INFORMATION PROVIDED>
☆ ☆ ☆ ☆ ☆ ☆ ☆

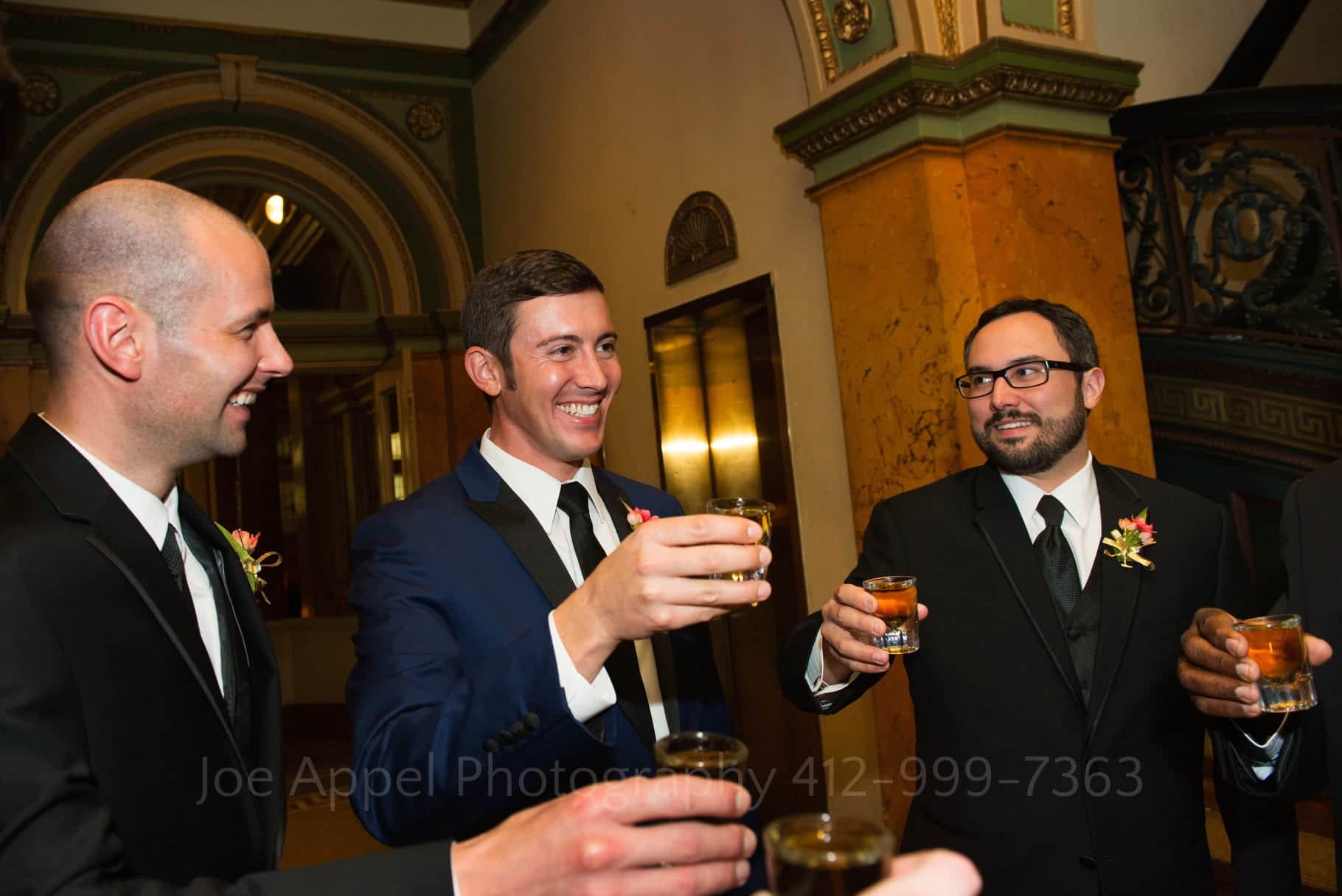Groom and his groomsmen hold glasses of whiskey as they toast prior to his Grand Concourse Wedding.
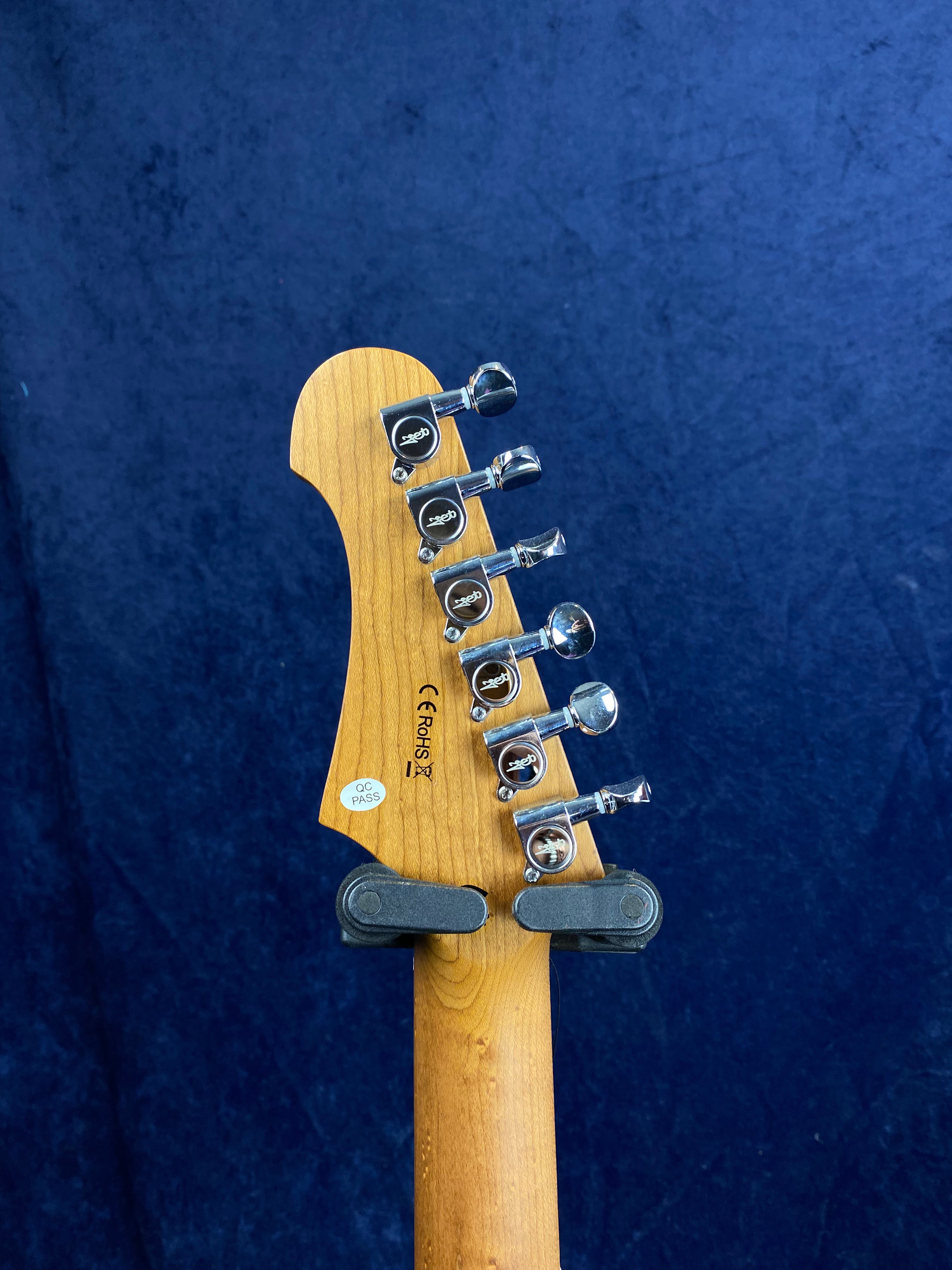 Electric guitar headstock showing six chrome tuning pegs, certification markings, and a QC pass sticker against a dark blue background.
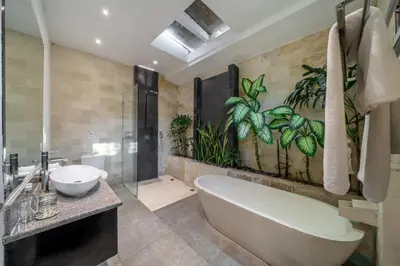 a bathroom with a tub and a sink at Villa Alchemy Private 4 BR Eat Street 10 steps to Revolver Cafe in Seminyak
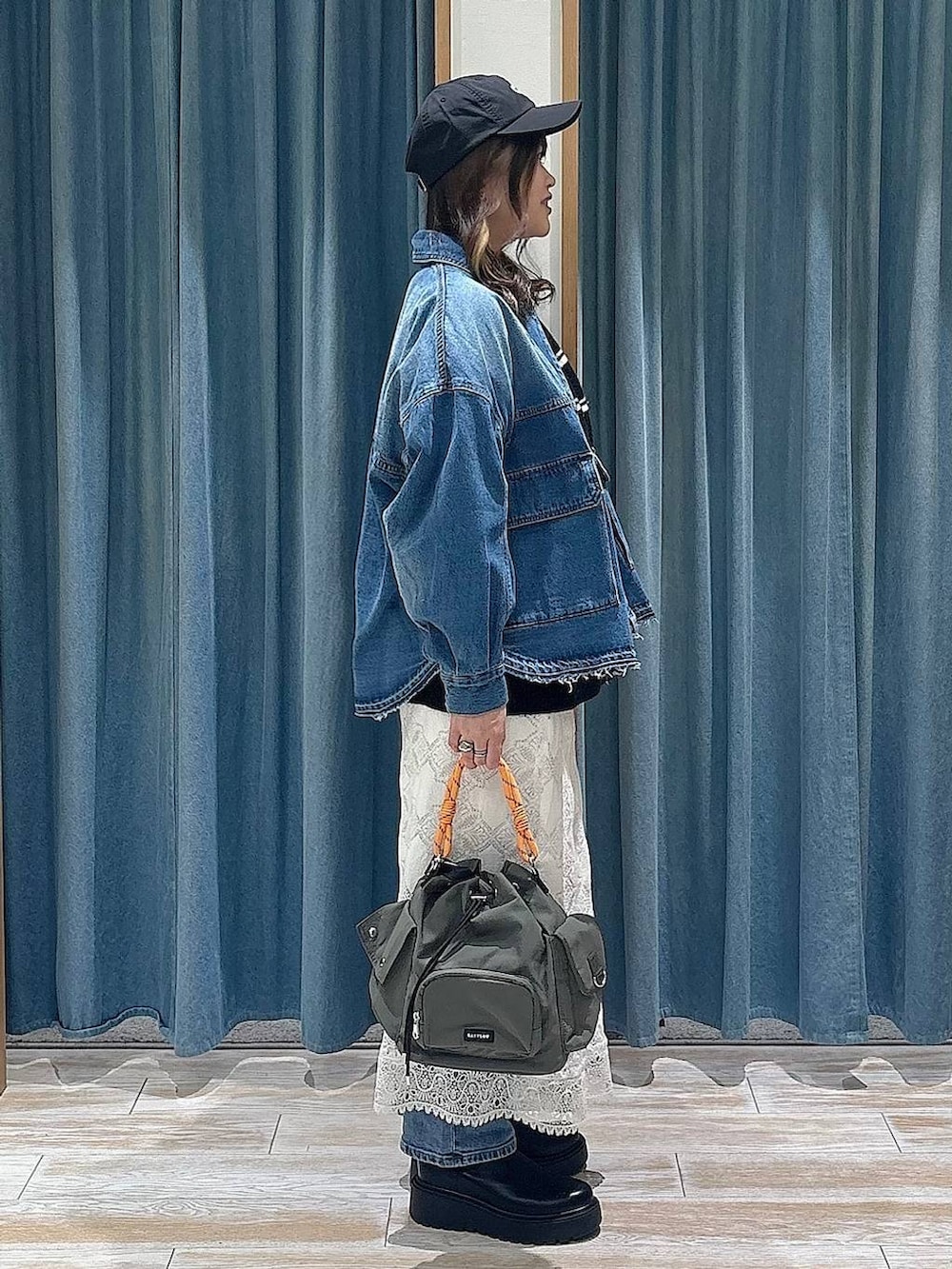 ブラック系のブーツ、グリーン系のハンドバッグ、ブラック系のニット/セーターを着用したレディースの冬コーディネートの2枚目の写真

☆ ☆ ☆ ☆ ☆ ☆ ☆

ACTIVITY> Copy exactly the lines running from the line with "a bathroom with" to the final line of the listing, keeping both ends and dropping any picture.

ANSWER BOX>
 a bathroom with a tub and a sink at Villa Alchemy Private 4 BR Eat Street 10 steps to Revolver Cafe in Seminyak
 ブラック系のブーツ、グリーン系のハンドバッグ、ブラック系のニット/セーターを着用したレディースの冬コーディネートの2枚目の写真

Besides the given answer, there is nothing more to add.